Bongiovi has an uncanny track record when it comes to believing in talent—often first-time or relatively unknown directors. Can you say Ryan Coogler? When she first met the director, he was still in graduate school, and Bongiovi says no one was giving someone like him a shot at success. Today she speaks of the “Coogler effect”—the fact that now so many people are looking for “the next Ryan Coogler.” This makes Bongiovi laugh, but she is also genuinely proud of having been part of that change, where Hollywood is more willing to be open to new, untested filmmakers.
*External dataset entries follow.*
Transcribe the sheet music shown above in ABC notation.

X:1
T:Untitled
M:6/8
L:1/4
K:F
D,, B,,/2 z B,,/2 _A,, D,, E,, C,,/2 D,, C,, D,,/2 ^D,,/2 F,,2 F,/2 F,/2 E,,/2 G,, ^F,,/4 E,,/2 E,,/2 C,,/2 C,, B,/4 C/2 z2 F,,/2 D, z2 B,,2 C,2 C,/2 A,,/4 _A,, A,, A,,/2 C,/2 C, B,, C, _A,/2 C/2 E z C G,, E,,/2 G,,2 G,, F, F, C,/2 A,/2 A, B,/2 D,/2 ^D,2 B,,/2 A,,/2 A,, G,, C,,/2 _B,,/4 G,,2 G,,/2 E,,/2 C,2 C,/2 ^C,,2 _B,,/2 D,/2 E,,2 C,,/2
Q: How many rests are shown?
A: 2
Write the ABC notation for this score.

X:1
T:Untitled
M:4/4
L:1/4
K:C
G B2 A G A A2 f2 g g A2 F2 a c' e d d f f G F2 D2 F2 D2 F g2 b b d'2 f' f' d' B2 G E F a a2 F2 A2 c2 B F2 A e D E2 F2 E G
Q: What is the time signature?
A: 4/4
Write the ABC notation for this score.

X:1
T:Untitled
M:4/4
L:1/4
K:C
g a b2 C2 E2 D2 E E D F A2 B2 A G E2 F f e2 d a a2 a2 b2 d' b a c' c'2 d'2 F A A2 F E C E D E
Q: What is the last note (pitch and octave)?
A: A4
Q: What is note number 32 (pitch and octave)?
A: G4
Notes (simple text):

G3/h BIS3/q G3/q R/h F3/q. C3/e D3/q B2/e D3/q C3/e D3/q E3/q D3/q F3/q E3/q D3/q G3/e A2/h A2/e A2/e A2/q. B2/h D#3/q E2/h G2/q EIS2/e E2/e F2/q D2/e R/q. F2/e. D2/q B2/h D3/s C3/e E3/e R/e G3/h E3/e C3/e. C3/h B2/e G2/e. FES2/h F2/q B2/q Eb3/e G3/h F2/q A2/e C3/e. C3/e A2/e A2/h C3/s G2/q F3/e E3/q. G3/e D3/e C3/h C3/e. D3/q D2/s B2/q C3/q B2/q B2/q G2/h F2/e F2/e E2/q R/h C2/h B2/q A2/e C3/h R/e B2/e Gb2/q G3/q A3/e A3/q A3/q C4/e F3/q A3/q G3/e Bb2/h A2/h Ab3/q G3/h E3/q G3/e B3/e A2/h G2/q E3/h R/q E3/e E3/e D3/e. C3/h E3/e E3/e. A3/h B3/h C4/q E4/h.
This passionate producer has found the perfect business partner in Forest Whitaker. From an unlikely trip to China togetherwhen the two didnt even know each otherto the formation of their Significant Productions banner, they share an enthusiasm for diversity, in both subject matter and collaborators. Together they have been ahead of the curve, recognizing the need for inclusion before it was commonplace. But as Bongiovi puts it, they operate quietly, helping unknown or struggling filmmakers pursue their dreams.

The unwavering support she offers and the fierce belief in her directors are what set this executive apart. There are producers and there are pillars of strength. Nina Yang Bongiovi is both.

 

When you first thought about entering the entertainment industry, was producing a goal of yours?

I grew up predominantly in East Los Angeles, and I don’t think any of us were told that you can pursue a career in entertainment and in Hollywood. And even though the proximity is only about 20 miles away, we weren’t afforded that awareness—that you could pursue a producing career. So I would say no.

When I first got into the industry, I was in grad school at USC, and I got a job as an analyst in marketing and media research. Right away I knew this is not what I wanted to do. I wanted to make movies and I wasn’t even close to my goals with this corporate job. I knew by the time I graduated, I needed to make the move into the production realm.

I started as an assistant to an action director in Hong Kong, and then we ended up moving to Shanghai to continue working on films and television shows. So that was my first foray into the world of moviemaking—martial arts/action films.

 

What made you even consider working in the industry?

I thought I was going to be a journalist at one point. I remember at a very young age my mother said (in Mandarin), “You should be a news anchor.” That’s because when my family immigrated to this country, my mom watched Connie Chung on TV. She thought, “That’s a good choice for you.” It was because Connie was the one Asian American image for us as a family in America. That’s the closest I would say that the “entertainment industry” came into the fold. Fortunately my mom didn’t push me to be a doctor, lawyer or a scientist like what’s most expected from Asian families.

 

What was your first aha moment, when it dawned on you that you were actually a producer?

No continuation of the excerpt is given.